==== PROVIDED MATERIAL

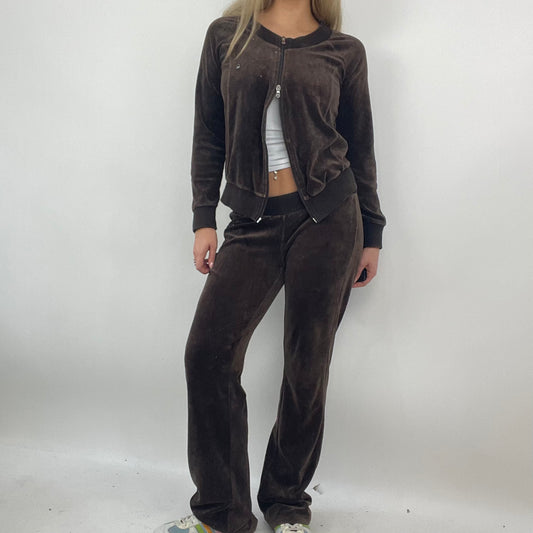 PARIS HILTON DROP | small brown united colors of benetton velour tracksuit set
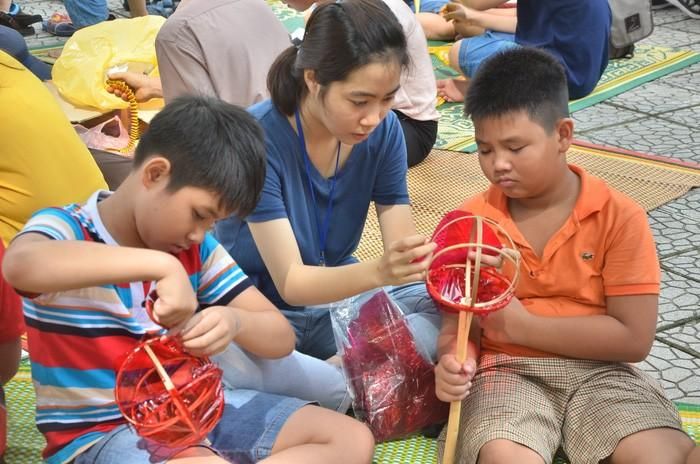 Các bé thích thú tự làm đồ chơi dân gian truyền thống Tết trung thu. Ảnh: Bảo tàng dân tộc học Việt Nam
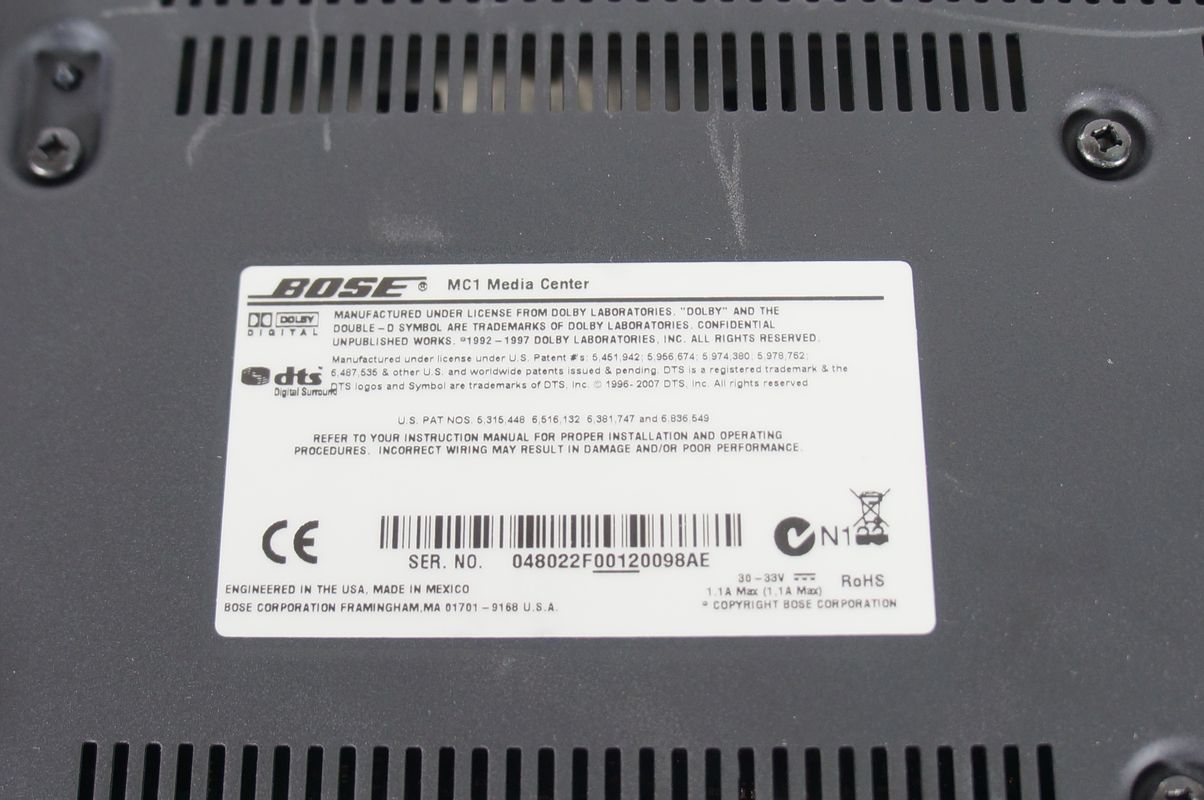 Bose_Media_Center_MC1_Steuerkonsole_Lifestyle_V10_V30_V20_06_result
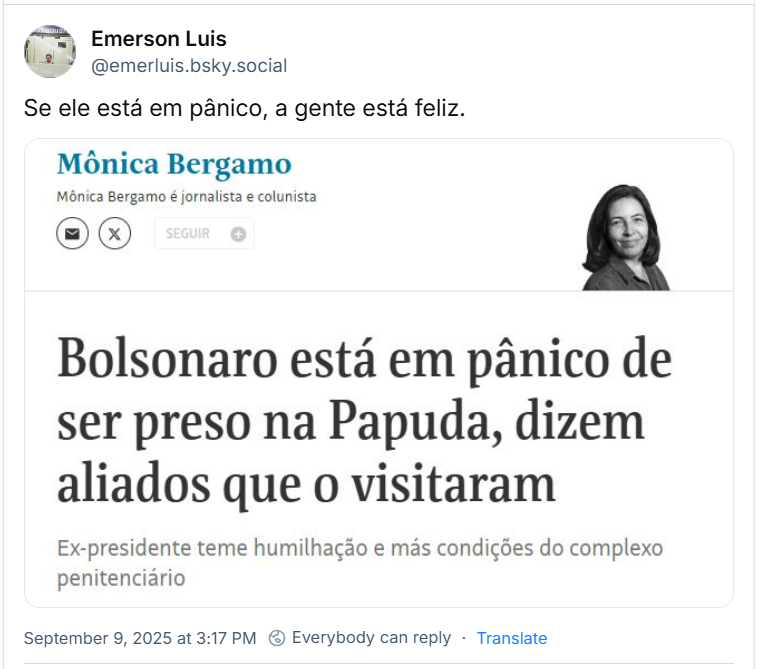 Post de Emerson Luis ‪@emerluis.bsky.social‬) com o texto: “Se ele está em pânico, a gente está feliz.” e no post tem uma imagem da coluna da Monica Bergamo cujo título é: “Bolsonaro está em pânico de ser preso na Papuda, dizem aliados que o visitaram”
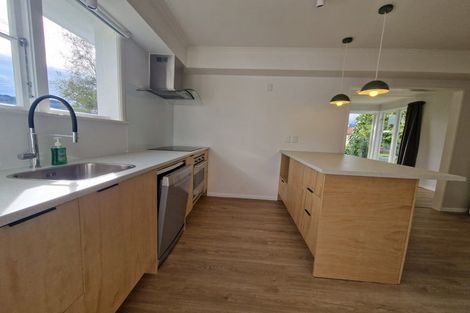 Photo of property in 35 Routley Crescent, Elderslea, Upper Hutt, 5018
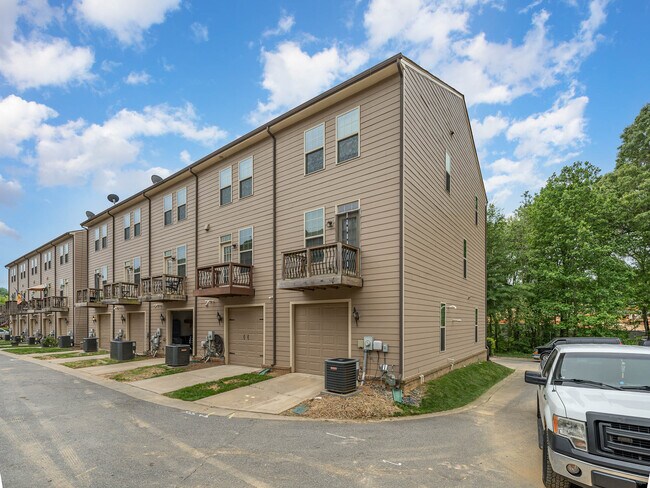 Building Photo - 13844 Winmau Ln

========

WHAT IS REQUIRED: Set the records down again exactly as given, and leave the pictures out.

RESULT:
 PARIS HILTON DROP | small brown united colors of benetton velour tracksuit set
 Các bé thích thú tự làm đồ chơi dân gian truyền thống Tết trung thu. Ảnh: Bảo tàng dân tộc học Việt Nam
 Bose_Media_Center_MC1_Steuerkonsole_Lifestyle_V10_V30_V20_06_result
 Post de Emerson Luis ‪@emerluis.bsky.social‬) com o texto: “Se ele está em pânico, a gente está feliz.” e no post tem uma imagem da coluna da Monica Bergamo cujo título é: “Bolsonaro está em pânico de ser preso na Papuda, dizem aliados que o visitaram”
 Photo of property in 35 Routley Crescent, Elderslea, Upper Hutt, 5018
 Building Photo - 13844 Winmau Ln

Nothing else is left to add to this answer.